Connie Wolf - I am a part of an assemblage of families with toddlers here in the Highland Park neighborhood that founded the “Future Parents of Highland Park Elementary” this past May. Our goal is to build community and excitement around our neighborhood school.
Jeff - “Send your smart kids to the worst school in the district so that hopefully some of it rubs off on the kids that make it the worst!” I’m not in that school’s boundary, but I wouldn’t send mine there if I was. If I have to choose between doing the best for my kids and using them as pawns in some sort of social experiment, I’ll choose the former every single time.
WS Mom - Personally I don’t think there should be a STEM or Pathfinder. Send your kids to your neighborhood school and make those schools better.
Blame away! I’ll take that over deliberately disadvantaging my own kids.
When it’s better I’m sure there won’t be trouble getting local parents involved. The analogy is a stretch, but pioneers get the arrows, settlers get the land.
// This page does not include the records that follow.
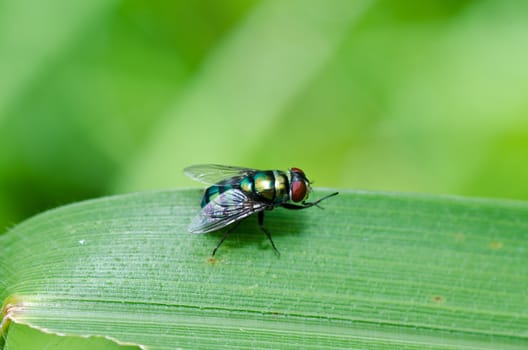 fly in green nature or in the city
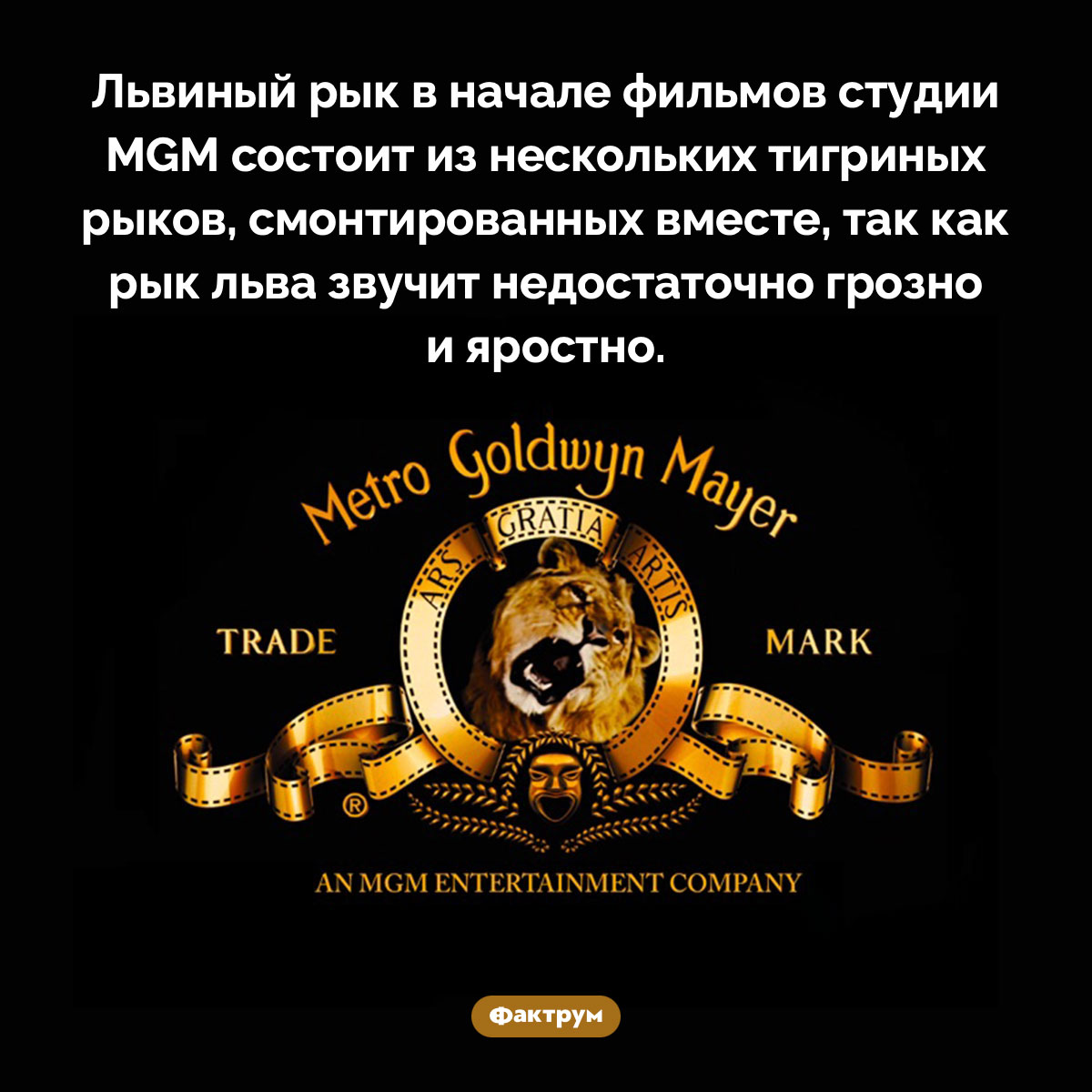 Львиный рык в начале фильмов студии MGM — это тигриный рык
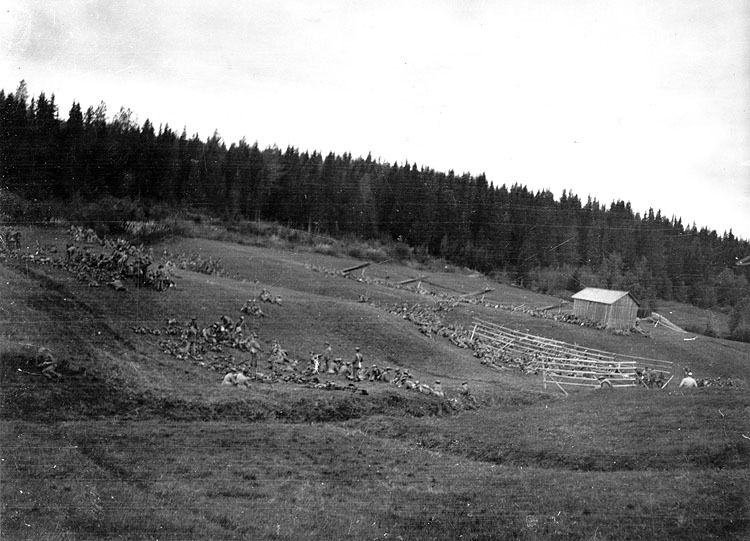 Grupp av soldater från I 20 vid Tavelsjön 1925.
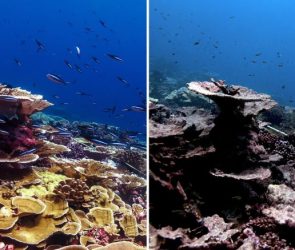 Coral Health Before and After Heat Stress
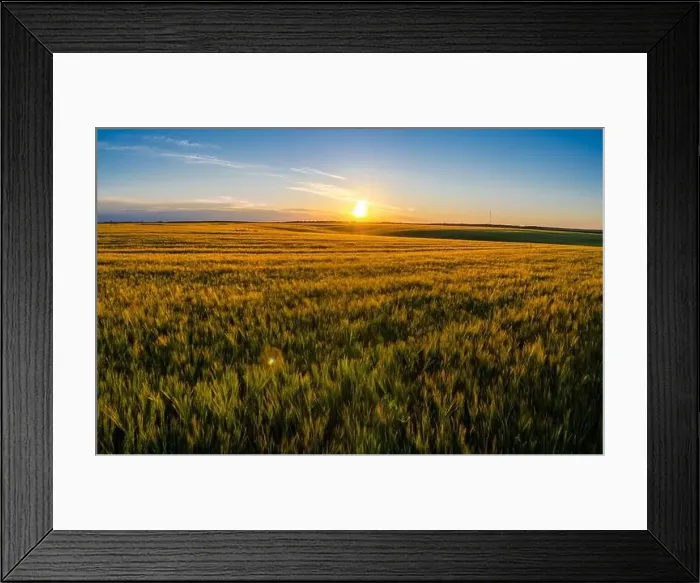 Framed Print : Ears of wheat sways in wind. Evening atmosphere, sunset landscape and golden wheat field Framed Print : Ears of wheat sways in wind. Evening atmosphere, sunset landscape and golden wheat field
Lolapop - If I lived in the boundaries of HPE I would not send my child there either. Why would I choose to put my child in a school that has a publicly known bullying problem? Why would choose to send my child to a school that has high teacher turnover? Luckily it’s not a decision I have to make.
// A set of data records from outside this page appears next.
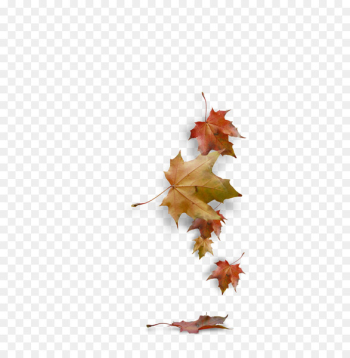 Autumn Clip art - autumn leaves Autumn Clip art - autumn leaves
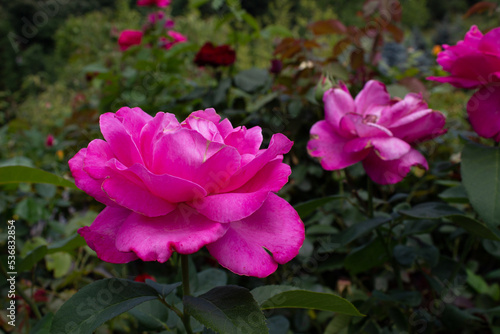 pink rosa in garden. beautiful botanical shot  natural wallpaper. rose in a flower garden. space for text.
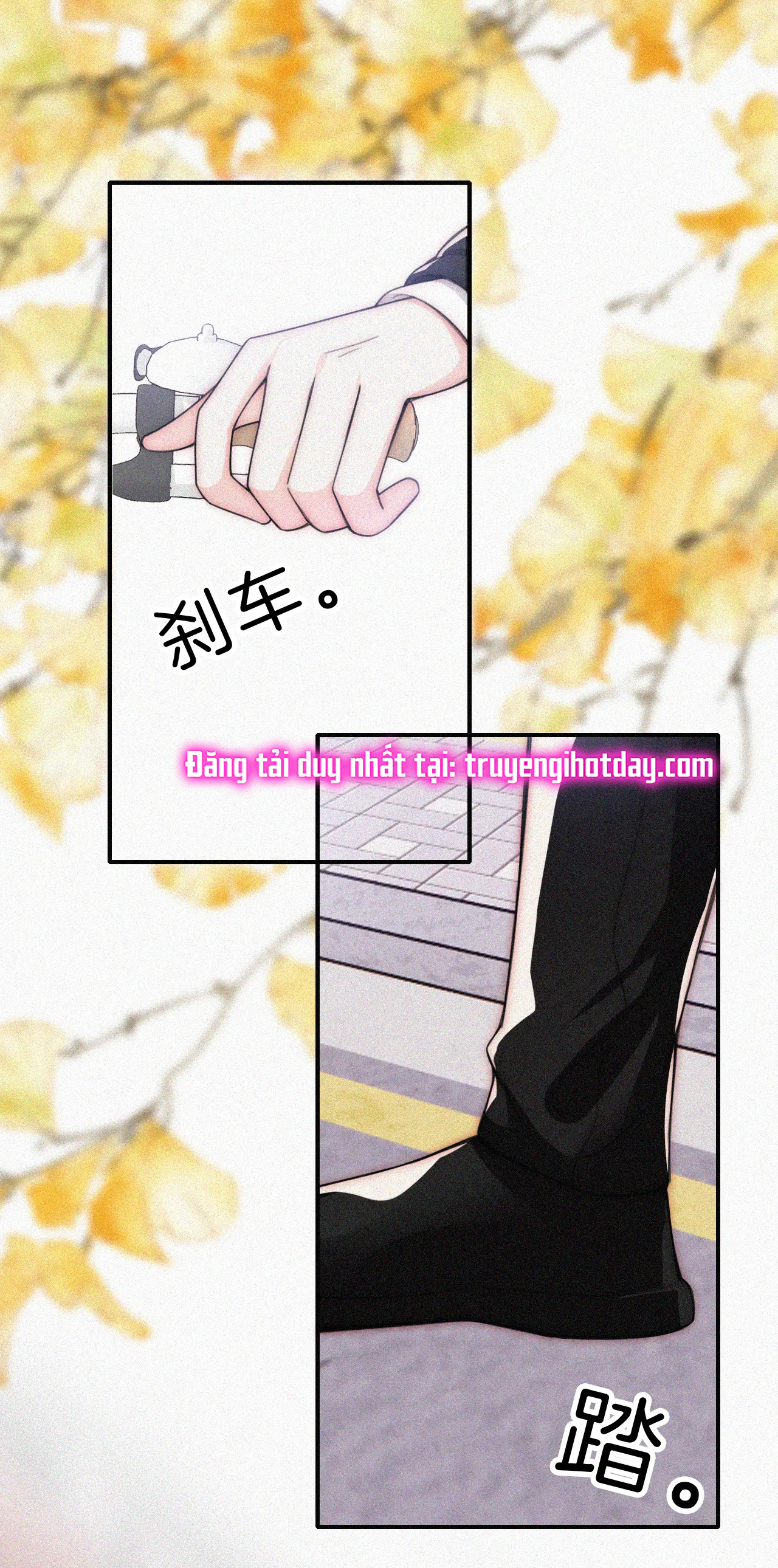 bệnh yêu chapter 50.2 22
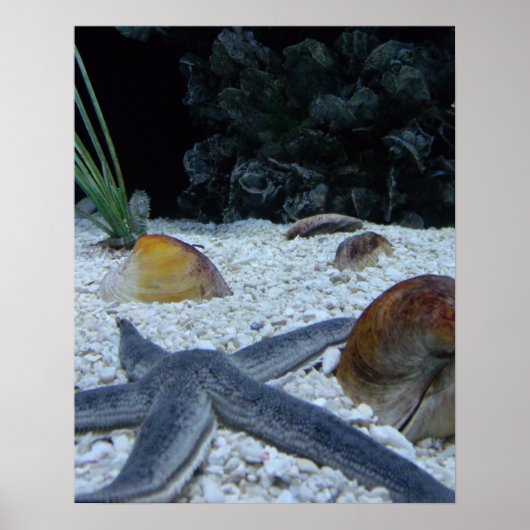 海 ポスター (正面)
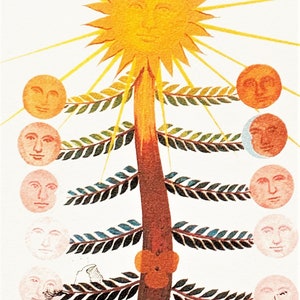 Salvador Dalì The Sun tree Signed lithograph 800 copies 1979 image 2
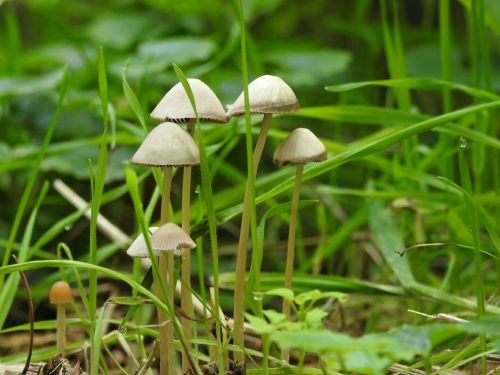 mushrooms grass nature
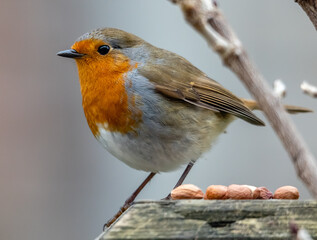robin feeding
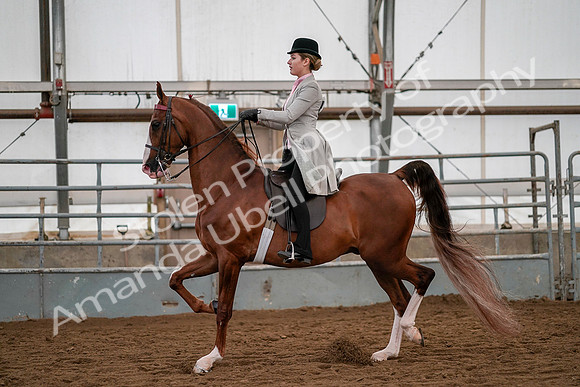July 19, 2019 - 10443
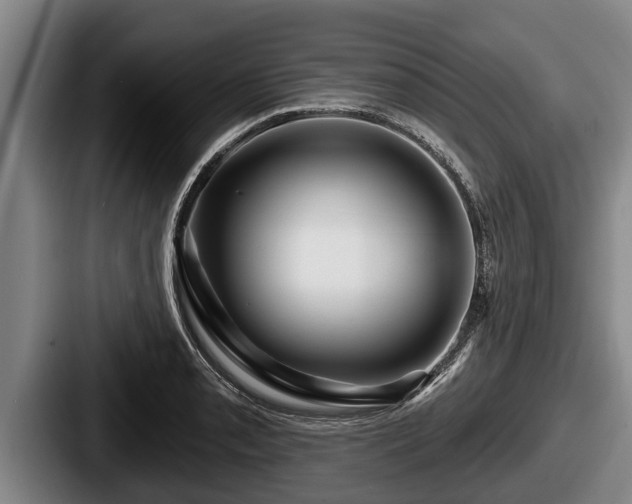 X0000087681085200705111255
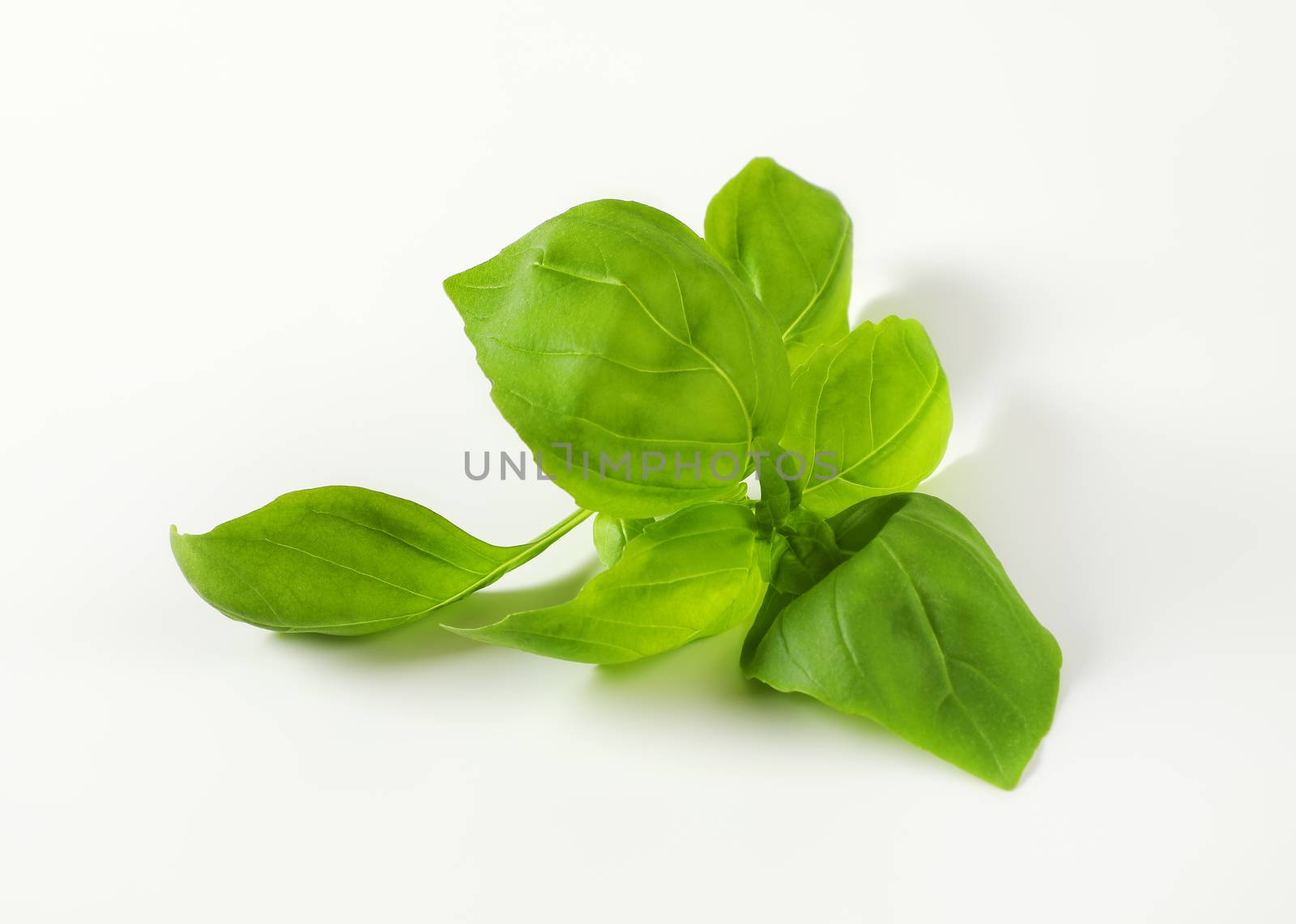 Fresh basil leaves by Digifoodstock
Christie - HPE has a high population of ELL (English Language Learners) and special needs kids and we need all the help we can get – so instead of making statements that you or your friends would never send your kids here – Help the school get better by volunteering – or donating school supplies, or coming to the events.
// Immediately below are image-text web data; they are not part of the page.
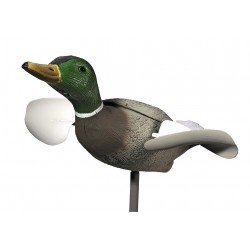 Appelant CANARD COLVERT EN VOL - PISTEURS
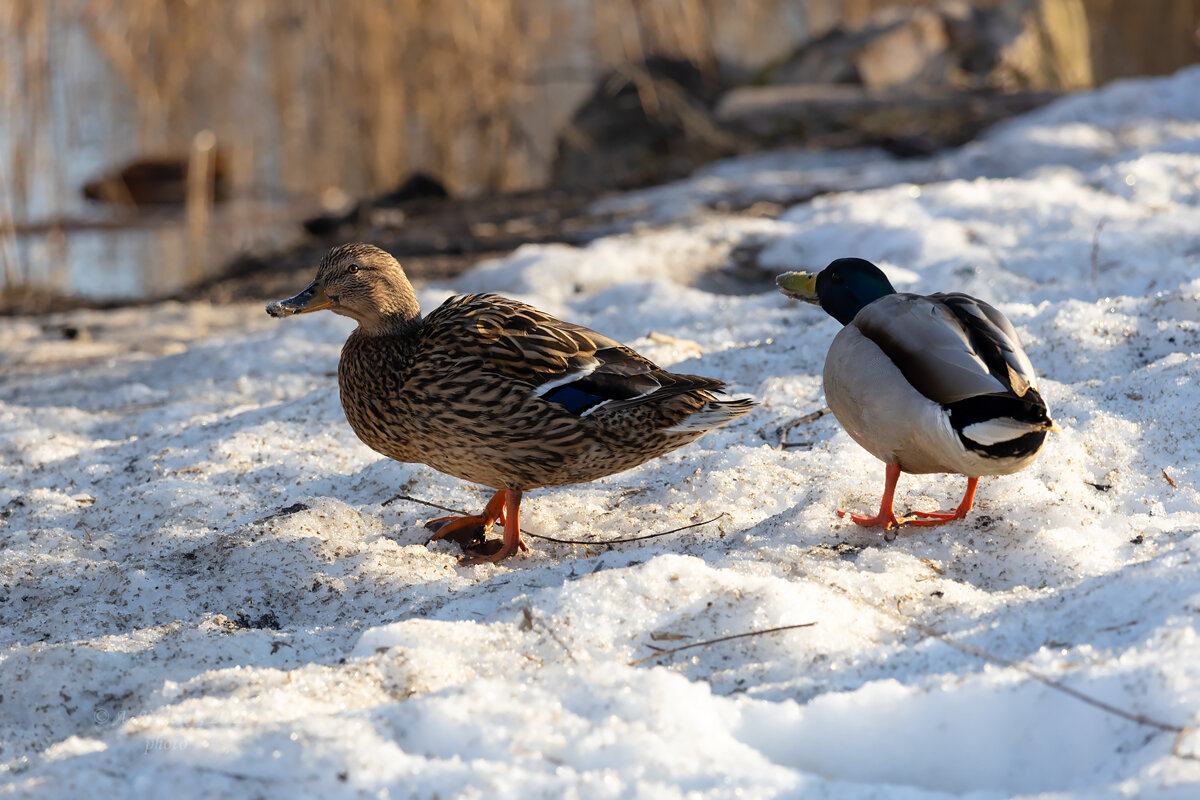 Утица и селезень - Александр Синдерёв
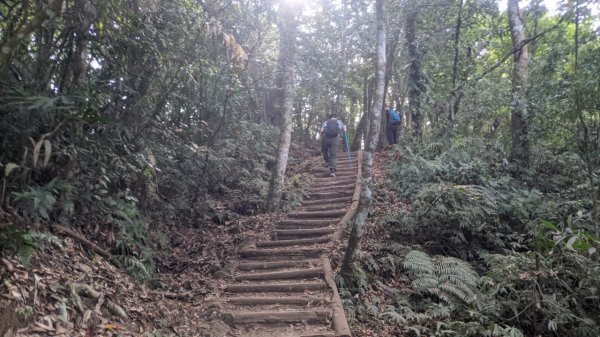 馬那邦山步道(珠湖登山口上)1585906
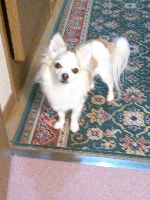 rblog-20130430073637-04.png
HP Gal - HPE has a free and reduced lunch rate (aka poverty rate) of 81%. There is absolutely no reason why the Highland Park community school should have a poverty rate that is so much higher than the community itself. Poverty is the best predictor of success in school.
Well, first of all, a lot of the people who live here in HP do not have the latitude to move to whichever neighborhood they think will provide the best schooling. Assuming that all people have the resources to move to more affluent areas is offensive. That being said, we may also live here because we love it, regardless of concerns about schools.
Also, to people who think we can or should insist that every child go to a neighborhood school–I felt deeply committed to doing this when my first child went to K (not HP, but local, title 1), to contribute my resources to our local community. That changed when I was essentially told that they would not provide the education that my child needed. Unfortunately, trying to accommodate really divergent needs frequently stretches limited resources much too thin to do anyone justice.
Also, many schools with the highest poverty focus on discipline and/or remediation in a way that many parents will not want for their children. I, personally, don’t think that’s the right way to inspire young learners from any background, but it is certainly not the schooling I want for my own kids. HP is a great neighborhood, and I do hope that HPE will soon reflect the vibrancy we have here.
That last one is a comment you see a lot about KIPP: people think it's good for some kids but usually not their own.